Today in crypto, US SEC Chair Paul Atkins unveiled a regulatory agenda that could reshape digital asset rules. Wintermute seeks regulatory clarity on network tokens and Coinbase CEO Brian Armstrong says he wants half the platform’s code wri…
Today in crypto, US SEC Chair Paul Atkins unveiled a regulatory agenda that could reshape digital asset rules. Wintermute seeks regulatory clarity on network tokens and Coinbase CEO Brian Armstrong says he wants half the platform’s code written by AI.
SEC’s agenda proposes crypto safe harbors, broker-dealers reforms
US Securities and Exchange Commission (SEC) Chair Paul Atkins has released a regulatory agenda containing proposed rules that could significantly affect how the agency handles digital assets.
In a Thursday notice, the SEC released about 20 proposed rules as part of its spring 2025 agenda. Though each proposal varies in terms of the potential impact on the crypto industry, many suggested that the commission would continue to soften its enforcement approach, establishing safe harbors and restructuring existing regulations to benefit projects.

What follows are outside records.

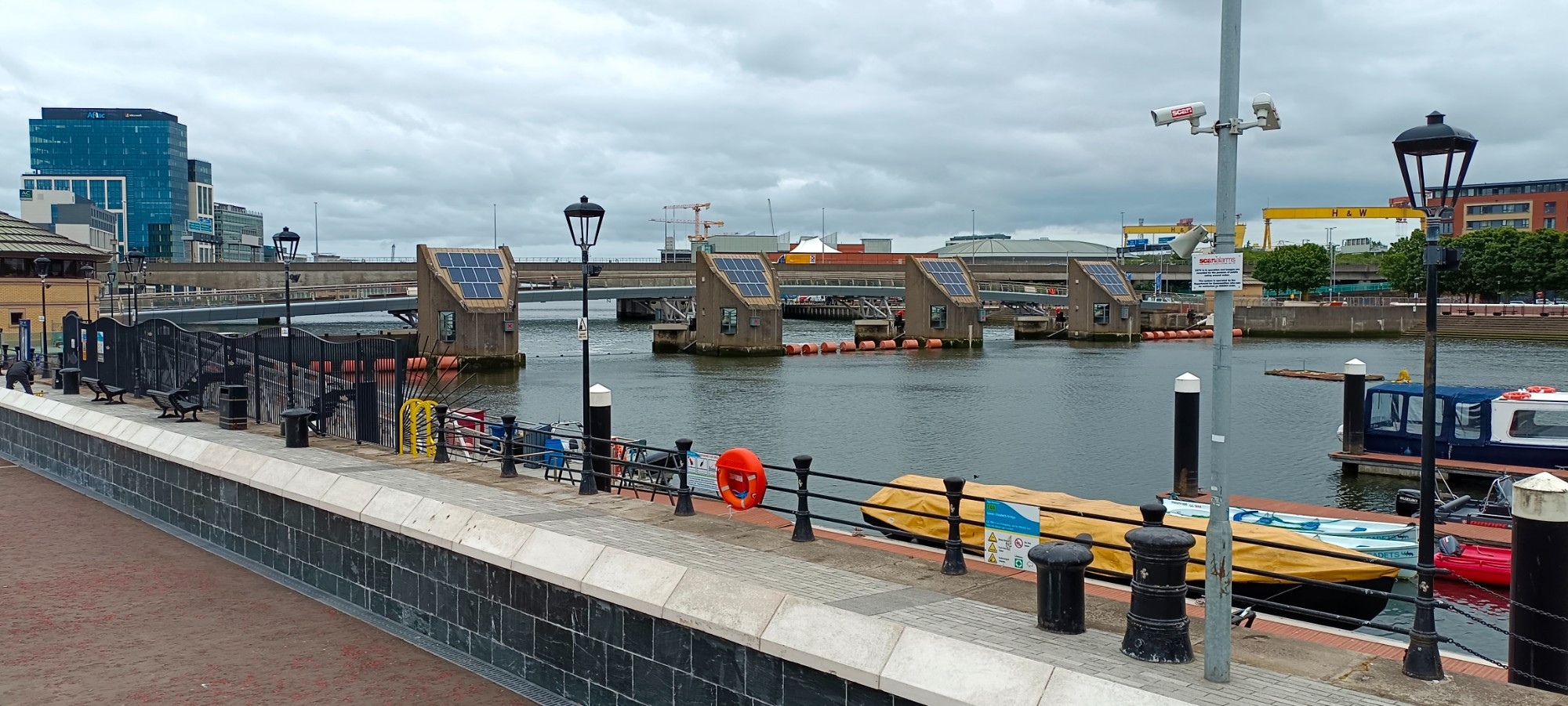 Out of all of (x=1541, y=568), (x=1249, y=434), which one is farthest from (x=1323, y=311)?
(x=1541, y=568)

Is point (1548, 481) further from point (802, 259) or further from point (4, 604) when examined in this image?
point (802, 259)

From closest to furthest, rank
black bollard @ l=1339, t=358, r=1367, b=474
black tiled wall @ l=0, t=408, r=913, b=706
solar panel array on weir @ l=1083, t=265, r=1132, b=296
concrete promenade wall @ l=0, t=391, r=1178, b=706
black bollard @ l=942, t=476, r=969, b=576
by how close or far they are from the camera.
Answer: concrete promenade wall @ l=0, t=391, r=1178, b=706
black tiled wall @ l=0, t=408, r=913, b=706
black bollard @ l=942, t=476, r=969, b=576
black bollard @ l=1339, t=358, r=1367, b=474
solar panel array on weir @ l=1083, t=265, r=1132, b=296

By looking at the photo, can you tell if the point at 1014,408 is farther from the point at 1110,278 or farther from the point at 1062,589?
the point at 1110,278

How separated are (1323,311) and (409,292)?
90.2 metres

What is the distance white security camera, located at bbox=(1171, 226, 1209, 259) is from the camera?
8117 mm

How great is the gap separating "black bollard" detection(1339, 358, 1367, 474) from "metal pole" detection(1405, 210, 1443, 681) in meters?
26.5

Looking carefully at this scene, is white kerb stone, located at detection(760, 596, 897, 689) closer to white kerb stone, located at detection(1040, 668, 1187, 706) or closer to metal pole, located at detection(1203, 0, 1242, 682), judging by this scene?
white kerb stone, located at detection(1040, 668, 1187, 706)

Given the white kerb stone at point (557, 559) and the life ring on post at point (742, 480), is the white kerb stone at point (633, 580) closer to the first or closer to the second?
the white kerb stone at point (557, 559)

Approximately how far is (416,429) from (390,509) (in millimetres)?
6282

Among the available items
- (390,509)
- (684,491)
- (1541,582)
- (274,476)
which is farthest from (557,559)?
(1541,582)

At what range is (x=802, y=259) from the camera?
183250 millimetres

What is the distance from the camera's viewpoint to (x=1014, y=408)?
54219 mm

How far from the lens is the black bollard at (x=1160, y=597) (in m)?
8.84

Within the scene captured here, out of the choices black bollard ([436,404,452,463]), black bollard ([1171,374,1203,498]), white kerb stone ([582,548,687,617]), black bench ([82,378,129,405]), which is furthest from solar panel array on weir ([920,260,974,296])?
white kerb stone ([582,548,687,617]) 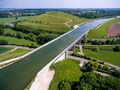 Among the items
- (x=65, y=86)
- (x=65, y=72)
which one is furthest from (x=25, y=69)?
(x=65, y=86)

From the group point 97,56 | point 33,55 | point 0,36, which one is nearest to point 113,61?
point 97,56

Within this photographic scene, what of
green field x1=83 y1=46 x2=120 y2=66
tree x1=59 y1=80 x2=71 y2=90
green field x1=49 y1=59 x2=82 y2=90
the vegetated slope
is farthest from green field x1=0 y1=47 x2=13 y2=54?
the vegetated slope

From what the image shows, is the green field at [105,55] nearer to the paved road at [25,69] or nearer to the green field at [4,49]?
the paved road at [25,69]

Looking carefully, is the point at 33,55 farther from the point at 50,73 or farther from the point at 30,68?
the point at 50,73

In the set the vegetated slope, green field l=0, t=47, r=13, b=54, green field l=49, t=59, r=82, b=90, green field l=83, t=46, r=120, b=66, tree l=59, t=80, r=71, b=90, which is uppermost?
tree l=59, t=80, r=71, b=90

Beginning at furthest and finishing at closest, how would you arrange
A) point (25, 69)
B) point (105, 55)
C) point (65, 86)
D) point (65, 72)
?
point (105, 55) < point (25, 69) < point (65, 72) < point (65, 86)

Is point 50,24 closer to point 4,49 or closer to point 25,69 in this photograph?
point 4,49

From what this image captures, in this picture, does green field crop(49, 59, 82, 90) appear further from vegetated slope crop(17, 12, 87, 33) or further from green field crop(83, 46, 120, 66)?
vegetated slope crop(17, 12, 87, 33)

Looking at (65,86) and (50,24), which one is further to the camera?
(50,24)
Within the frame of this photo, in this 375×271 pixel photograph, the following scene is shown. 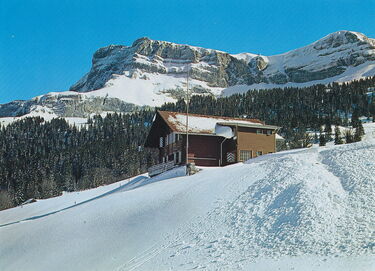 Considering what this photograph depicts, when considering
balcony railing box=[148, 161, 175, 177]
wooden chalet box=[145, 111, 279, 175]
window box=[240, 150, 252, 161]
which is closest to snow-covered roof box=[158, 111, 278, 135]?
wooden chalet box=[145, 111, 279, 175]

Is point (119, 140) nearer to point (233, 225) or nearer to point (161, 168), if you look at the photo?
point (161, 168)

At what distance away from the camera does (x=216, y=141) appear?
1624 inches

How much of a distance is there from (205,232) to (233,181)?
621cm

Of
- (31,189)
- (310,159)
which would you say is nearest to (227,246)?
(310,159)

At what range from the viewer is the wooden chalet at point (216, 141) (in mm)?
39875

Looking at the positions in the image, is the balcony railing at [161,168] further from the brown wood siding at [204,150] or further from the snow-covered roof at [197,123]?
the snow-covered roof at [197,123]

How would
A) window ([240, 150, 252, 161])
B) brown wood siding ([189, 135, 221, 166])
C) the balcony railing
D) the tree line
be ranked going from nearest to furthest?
brown wood siding ([189, 135, 221, 166])
the balcony railing
window ([240, 150, 252, 161])
the tree line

“The agenda covers potential rule proposals related to the offer and sale of crypto assets to help clarify the regulatory framework for crypto assets and provide greater certainty to the market,” said Atkins.
Among the proposed rules in the SEC agenda was including “certain exemptions and safe harbors” related to the offer and sale of crypto assets, and amending the Exchange Act “to account for the trading of crypto assets on [alternative trading systems] and national securities exchanges.
The modifications could allow crypto companies to operate with less regulatory oversight and reduce the risk of legal action.
Other proposals suggested modifying “broker-dealer financial responsibility rules,” which could lessen the burden on crypto companies reporting data.
Broker-dealer rules have been a point of contention for many in the crypto industry by placing Know Your Customer and Anti-Money Laundering regulations on networks, often without the means to gather such data.
Wintermute urges SEC to exclude network tokens from securities rules
Trading firm and market maker Wintermute has urged the US Securities and Exchange Commission (SEC) to clarify that network tokens should not fall under securities regulations. The company made its case in a formal response to the agency’s request for comment.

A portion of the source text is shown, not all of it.